▶ Your goal
From the line that holds "Linthwaite House interior" down to the last line of the listing below, transcribe exactly and only those lines. Leave pictures out.

▶ The data
* * *
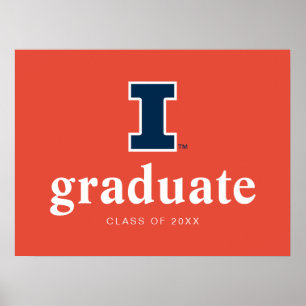 University of Illinois Graduation Poster
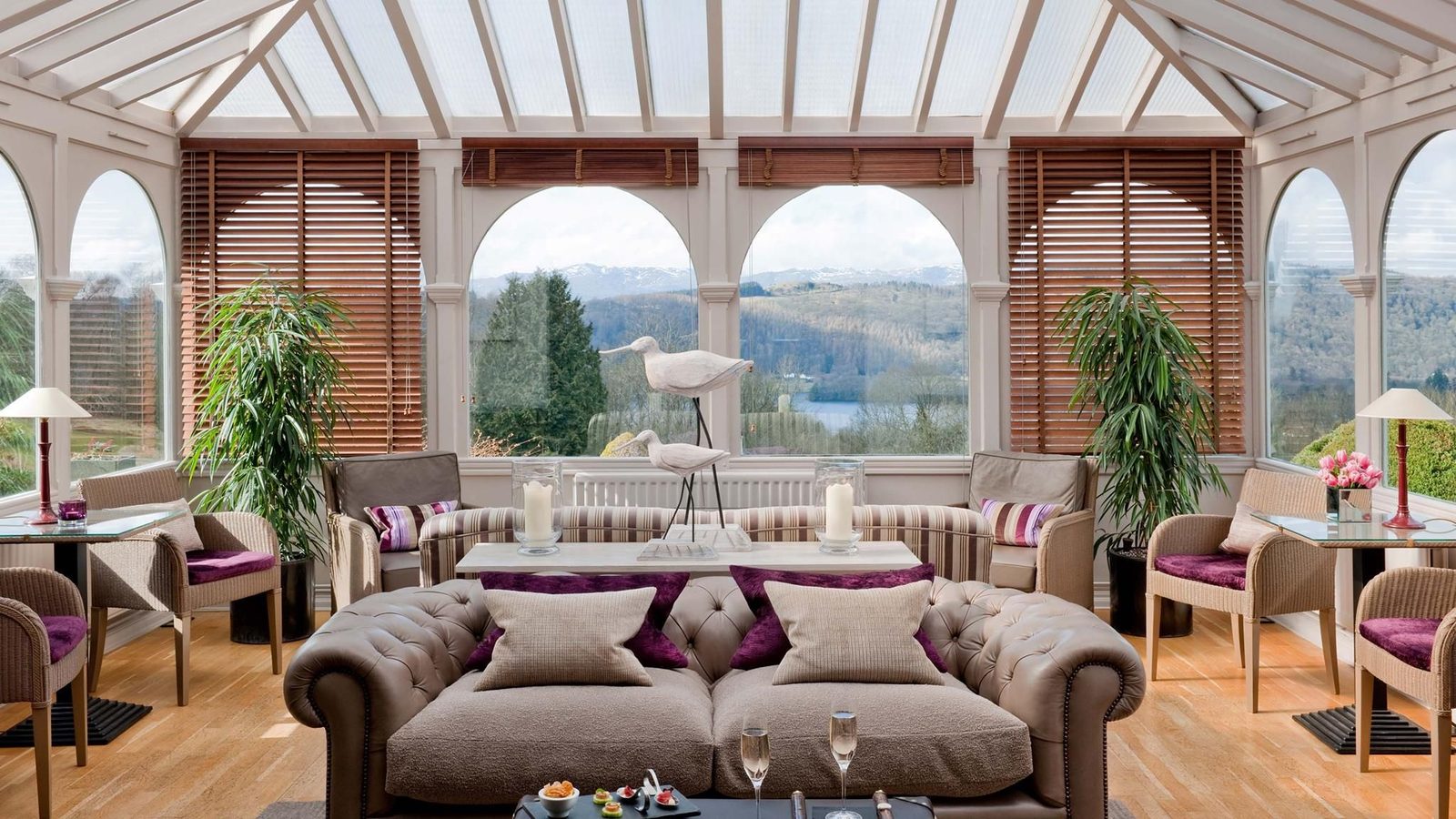 Linthwaite House interior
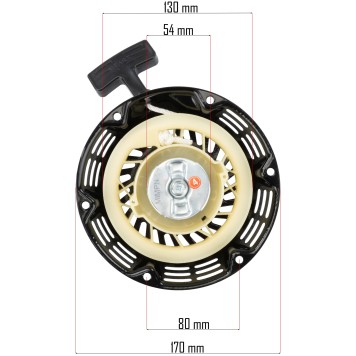 Starter do agregatu PM-AGR-3000-ST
* * *
▶ Written response
 Linthwaite House interior
 Starter do agregatu PM-AGR-3000-ST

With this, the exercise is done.